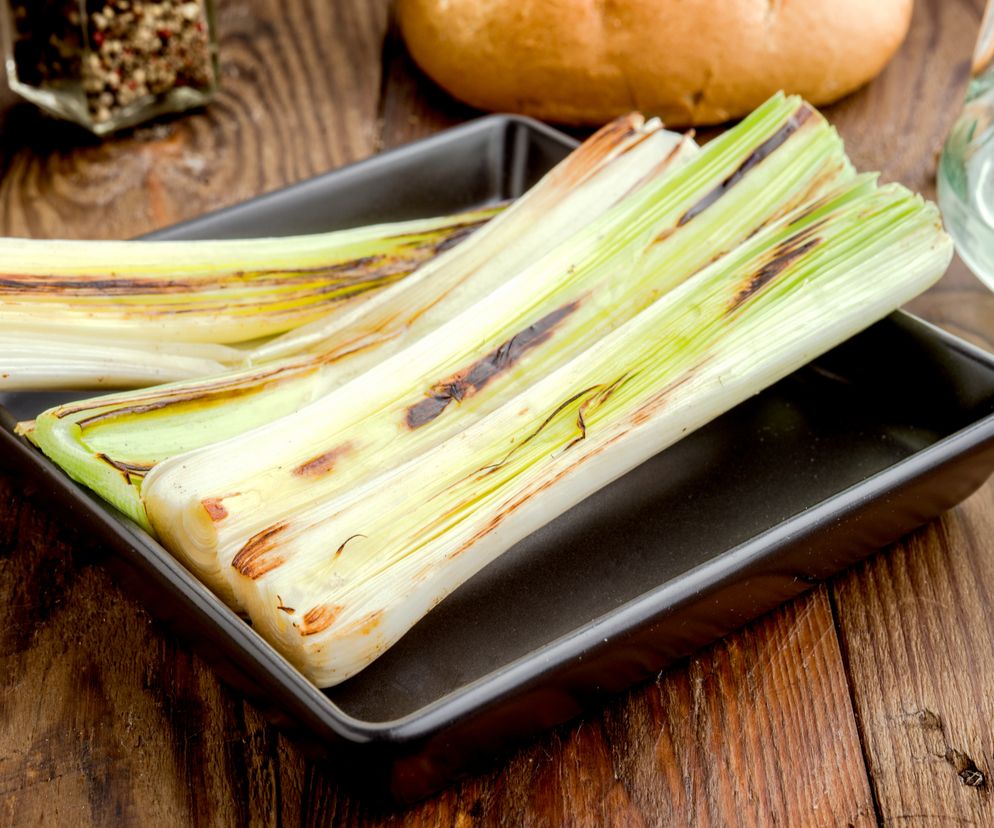 Pory pieczone z parmezanem: genialny dodatek do wszystkiego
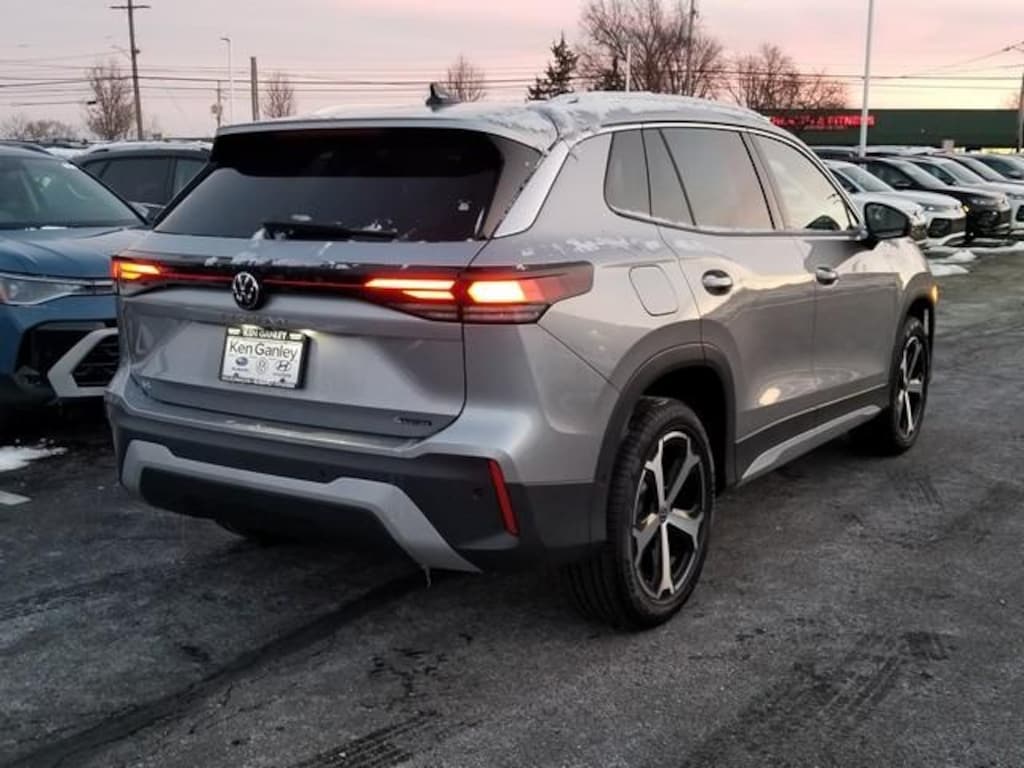 New 2026 Volkswagen Tiguan 2.0T SE SUV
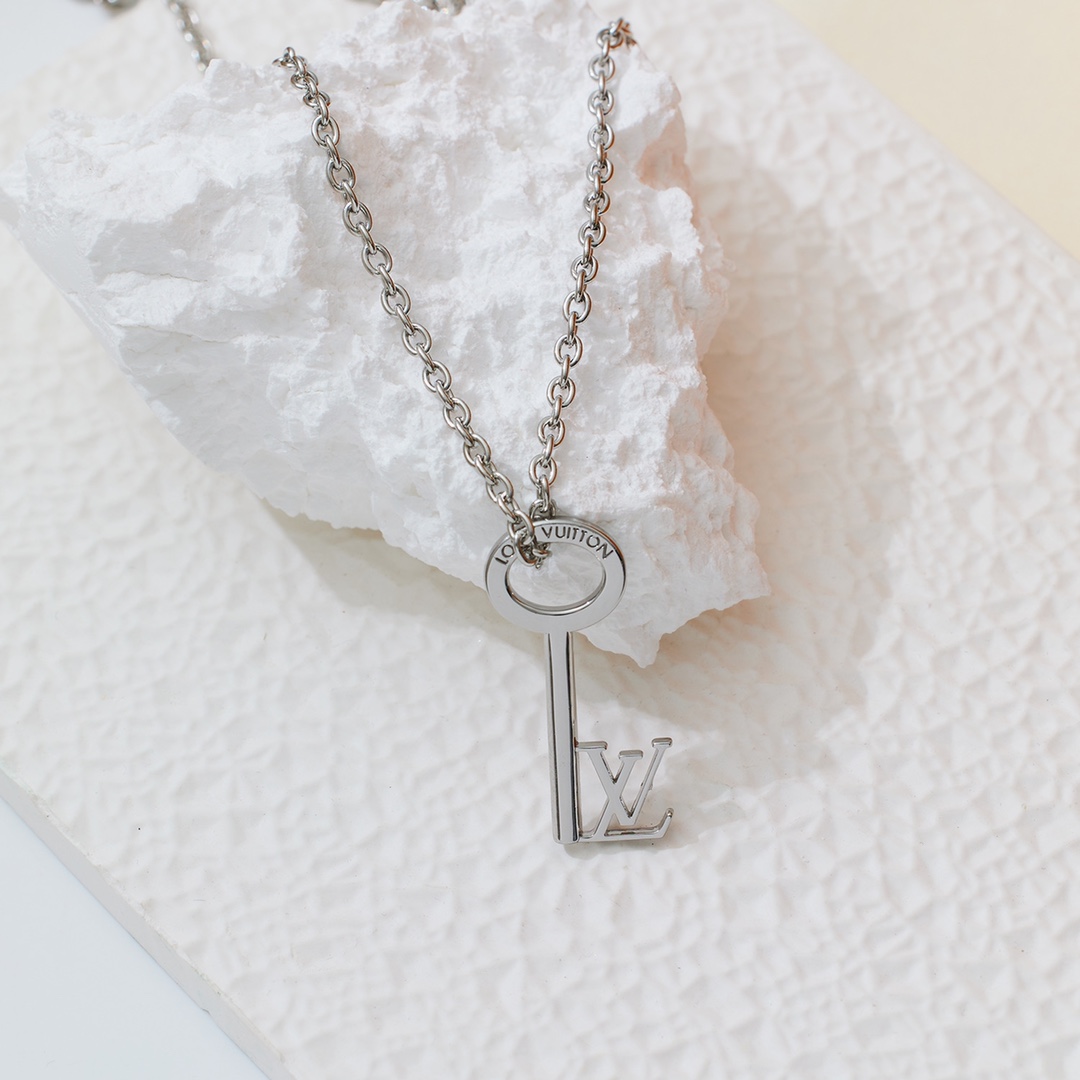 LOUIS VUITTON（ルイヴィトン）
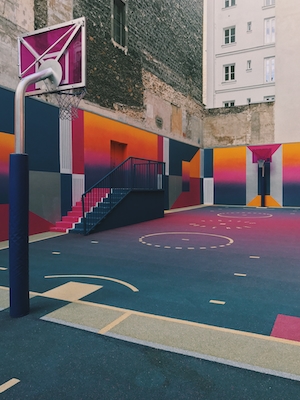 Цветная баскетбольная площадка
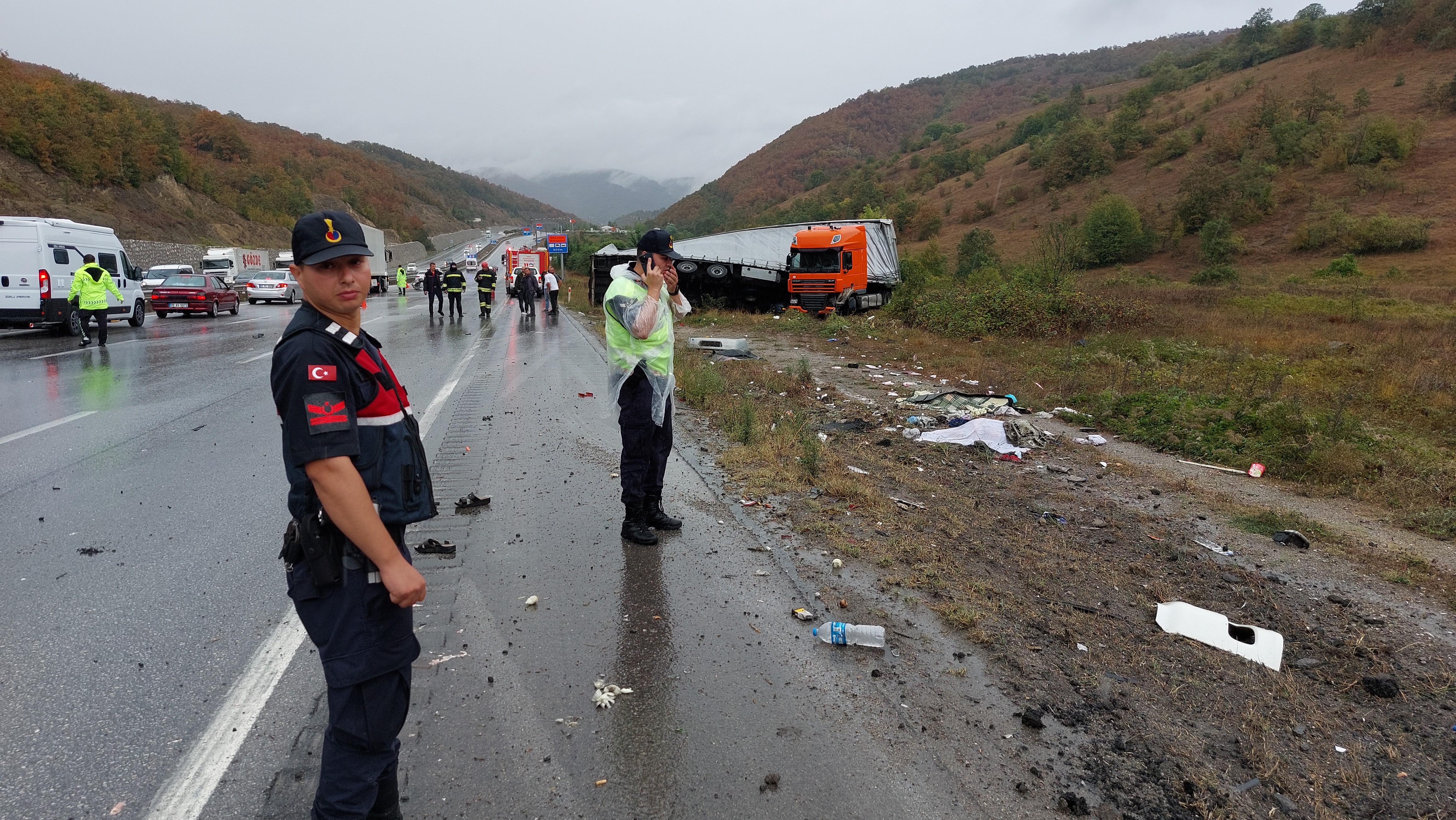 samsun-ankara-kara-yolunda-zincirleme-kaza-3-oldu-2si-agir-10-yarali-yenicag-10.jpg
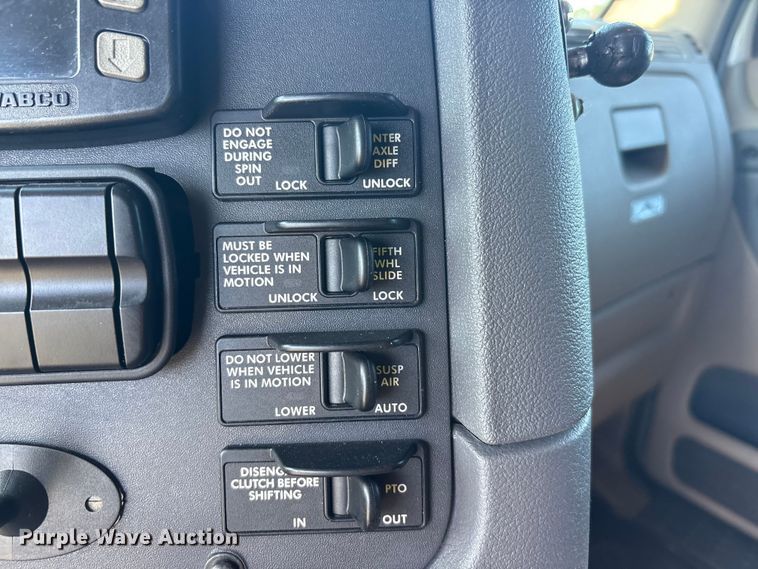 image for item EU5571 2015 Freightliner Cascadia semi truck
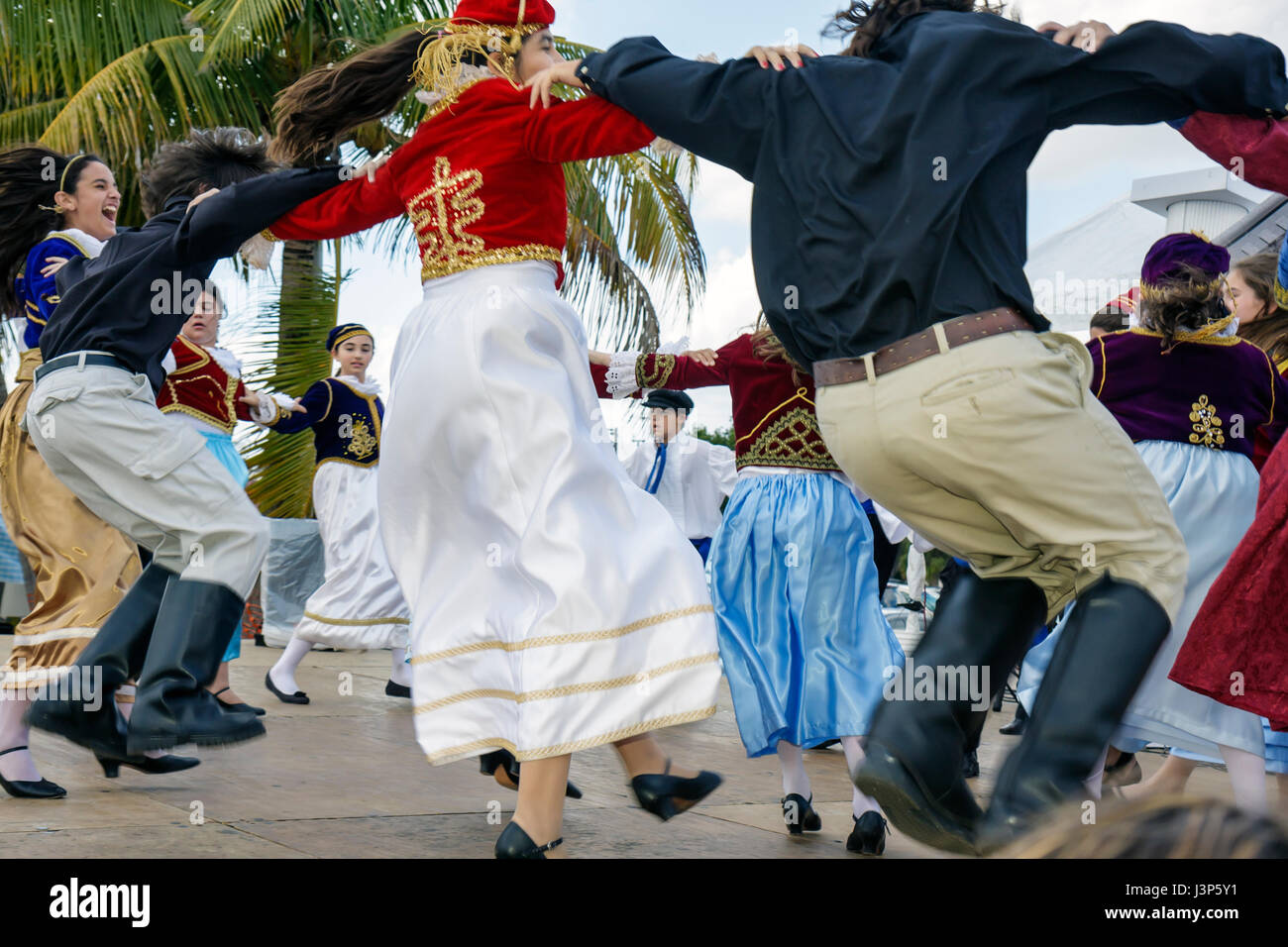 Miami Florida, Kendall, St. Andrew Greek Orthodox Church, Griechische Festspiele, Festivals, Feiern, Messen, Messen, Veranstaltungen, ethnische Kleidung, Tanz, Tänzer, durchführen, Kreis, Stockfoto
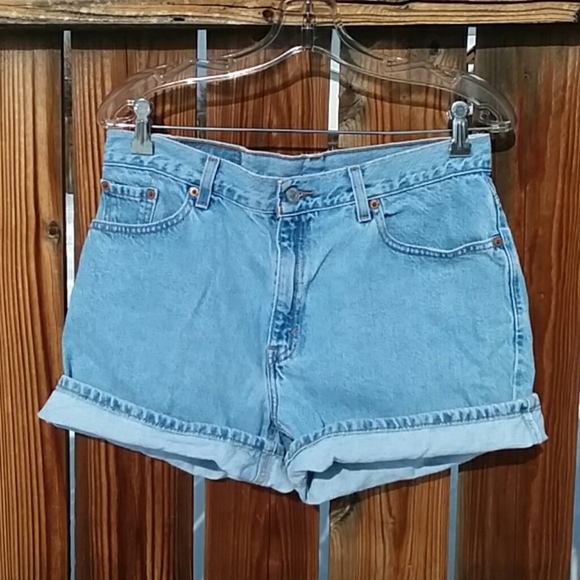 vintage levis mom shorts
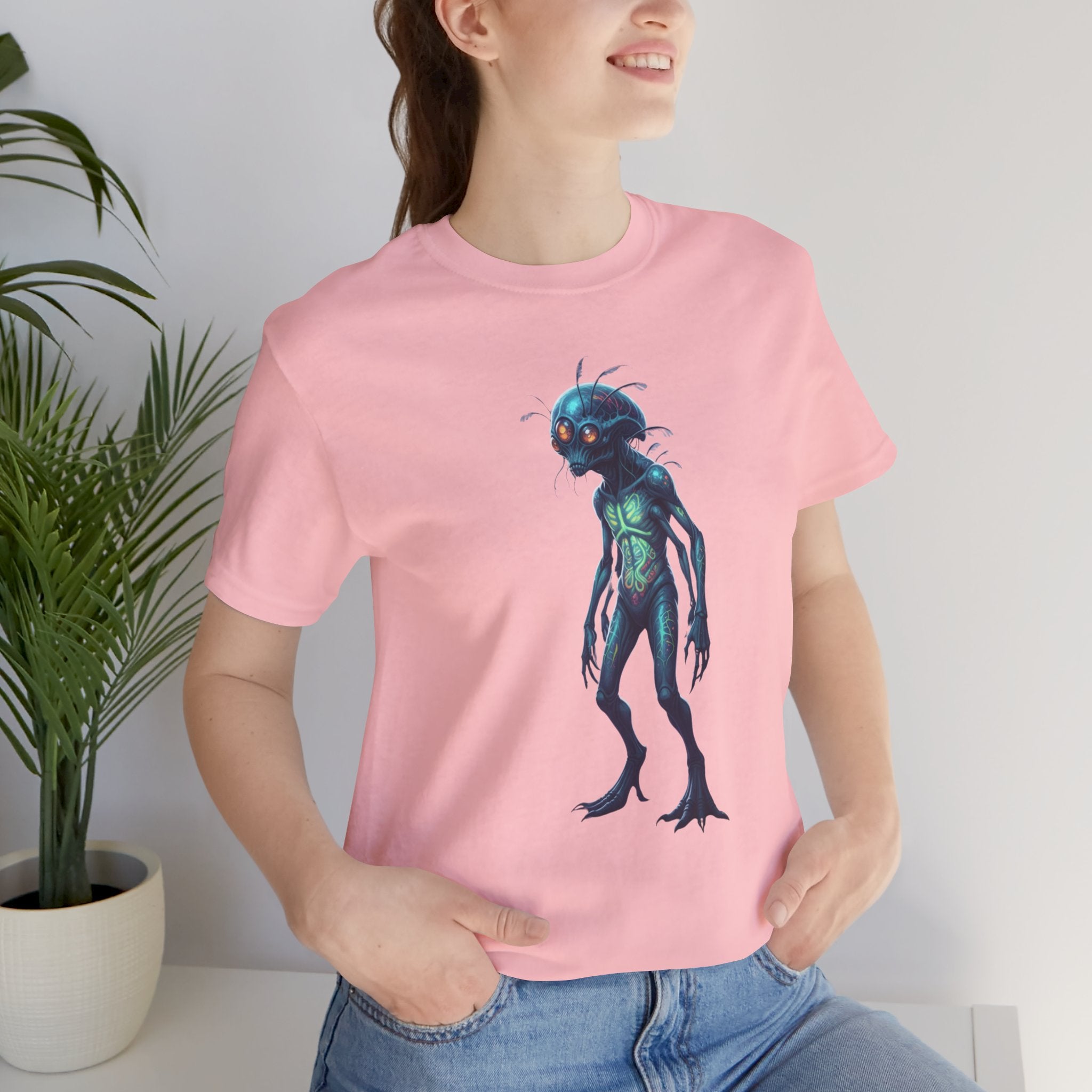 Alien Creature Graphic Tee — Sci‑Fi Monster T‑Shirt
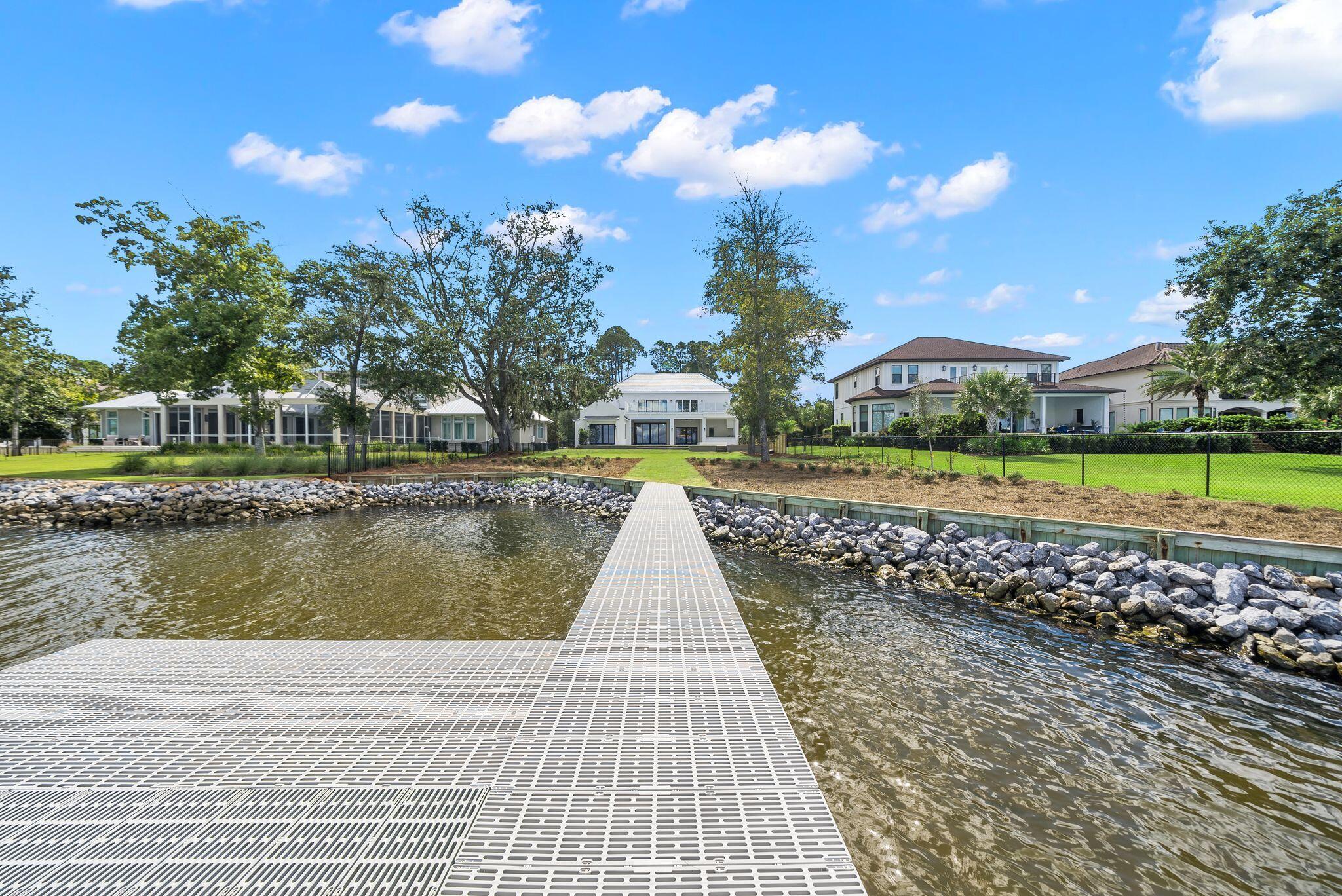 525 Driftwood Point Road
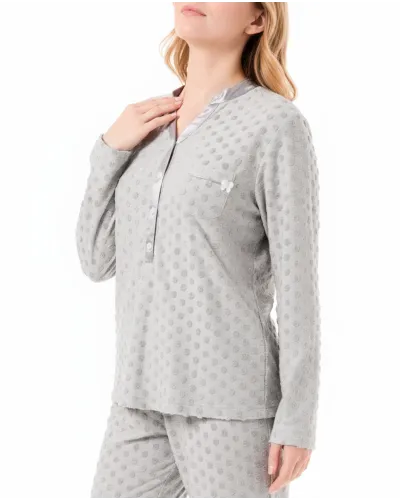 Mujer con pijama largo de invierno de punto a topos y cuello pico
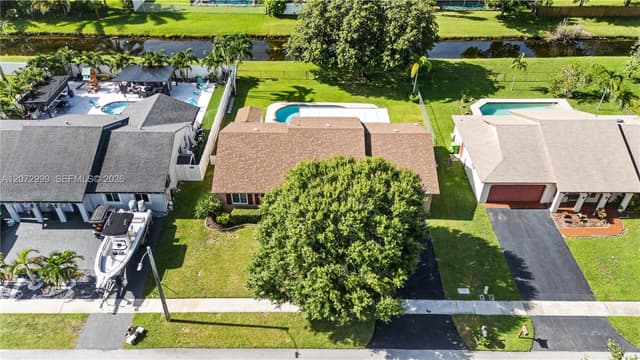 10370 NW 20th Ct, Sunrise FL 33322 - Sunrise, FL - Photo 4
::::::
**Aim of the task:** The answer must repeat every line of the listing exactly and leave the pictures out.

**Output of the exercise:**
 Pory pieczone z parmezanem: genialny dodatek do wszystkiego
 New 2026 Volkswagen Tiguan 2.0T SE SUV
 LOUIS VUITTON（ルイヴィトン）
 Цветная баскетбольная площадка
 samsun-ankara-kara-yolunda-zincirleme-kaza-3-oldu-2si-agir-10-yarali-yenicag-10.jpg
 image for item EU5571 2015 Freightliner Cascadia semi truck
 Miami Florida, Kendall, St. Andrew Greek Orthodox Church, Griechische Festspiele, Festivals, Feiern, Messen, Messen, Veranstaltungen, ethnische Kleidung, Tanz, Tänzer, durchführen, Kreis, Stockfoto
 vintage levis mom shorts
 Alien Creature Graphic Tee — Sci‑Fi Monster T‑Shirt
 525 Driftwood Point Road
 Mujer con pijama largo de invierno de punto a topos y cuello pico
 10370 NW 20th Ct, Sunrise FL 33322 - Sunrise, FL - Photo 4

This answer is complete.